10. Simple logic. Revelation 7:4-8 describes 144,000 people of Jewish descent, 12,000 from each of the 12 tribes, as being “sealed” by a mark on the forehead before the earth was subjected to the Trumpet and Bowl judgments, but after the Seals (read Revelation for more details. The three categories described are telescoping sequences of catastrophes unleashed on the earth during the Tribulation period). Those sealed were supernaturally protected from death and suffering throughout the course of the Tribulation, in the vision John saw. The hope that these could be Jews who turn to Christ very shortly after the Rapture and Seal judgments is a potential motivation to pray for God’s Second Coming to happen soon. Revelation here blatantly guarantees that 144,000 Jewish people who were NOT believers prior to the Rapture WILL be saved. This is very encouraging news. And so the logic that I lay out in the poem above is, if they come to faith, they must have had access to New Testaments and/or the preaching of Christians prior to the Tribulation, so that the events would have provoked them to faith in Christ. The reasoning for this is in the point below.

11. Romans 10:13-14 “Everyone who calls on the name of the Lord will be saved  (ref: Joel 2:32). How, then, can they call on the one they have not believed in? And how can they believe in the one of whom they have not heard? And how can they hear without someone preaching to them?”  The following verses go on to say, “How can anyone preach unless they are sent?...Faith comes from hearing the message, and the message is heard through the word of Christ.” The conclusion, then, is to preach the Gospel so that the Jews may hear and believe.

12. The ‘trumpet call’ phrase is inspired by the line in the song “Days of Elijah” by Twilah Paris, that goes, “behold He comes, riding on the clouds, shining like the sun, at the Trumpet call.” In comparing Matthew 24:30-31 with 1 Thessalonians 4:16, these passages identify a trumpet of some sort with the Rapture, as well as informing that God Himself will make a “Second Appearing,” coming down but not touching down on earth, before the Tribulation, but not to be confused with the Second Coming.

13. Luke 21:36 (Luke 21 is the parallel passage to Matthew 24 in Luke’s Gospel).

14. Revelation 19:6-9. The Wedding Feast of the Lamb is a celebration that takes place in heaven during the Tribulation, where all those who belong to God participate in glorifying Him.

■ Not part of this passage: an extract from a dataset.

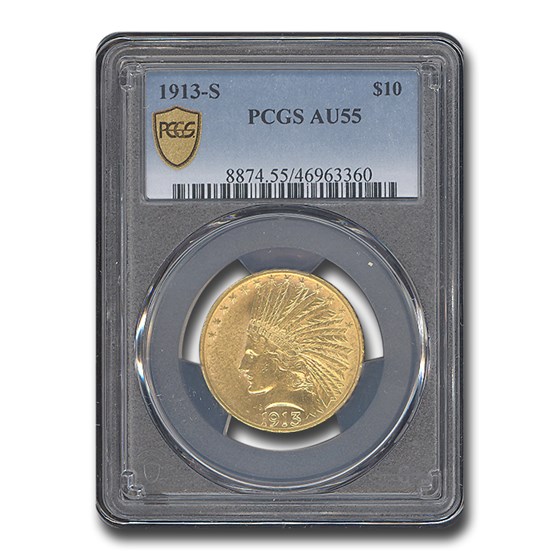 1913-S $10 Indian Gold Eagle AU-55 PCGS 1913-S $10 Indian Gold Eagle AU-55 PCGS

It is called a Wedding because the Church is symbolically represented as a bride, such as in Ephesians 5:25, “Husbands, love your wives, just as Christ loved the Church and gave Himself up for her…”

15. Romans 9:31-32. “But the people of Israel, who pursued the law as the way of righteousness, have not attained their goal. Why not? Because they pursued it not by faith but as if it were by works. They stumbled over the stumbling stone.”

16. I don’t mean anything concrete by this. It simply indicates that if the end of history is within the next century, then it took roughly 2,000 years after the Messiah came for the Jews to finally believe in Him, one and all. It doesn’t mean that no Jews ever have. Remember, it was a partial hardening. Romans 11:23 says, “And if they do not persist in unbelief, they will be grafted in, for God is able to graft them in again.”

17. This is a common Hebrew phrase meaning "praise God," "thank God," or literally, "blessed be the name of the Lord."

Further reading about Israel: Romans 9-12.


Note: the verse quotations were taken from my NIV Bible. I have a KJV and NIV, so the way I phrase something may appear to look different from the actual quote I put up, but this is simply a matter of translation. For that matter, the verse pop-up feature uses the ESV version. Variety is the spice of life!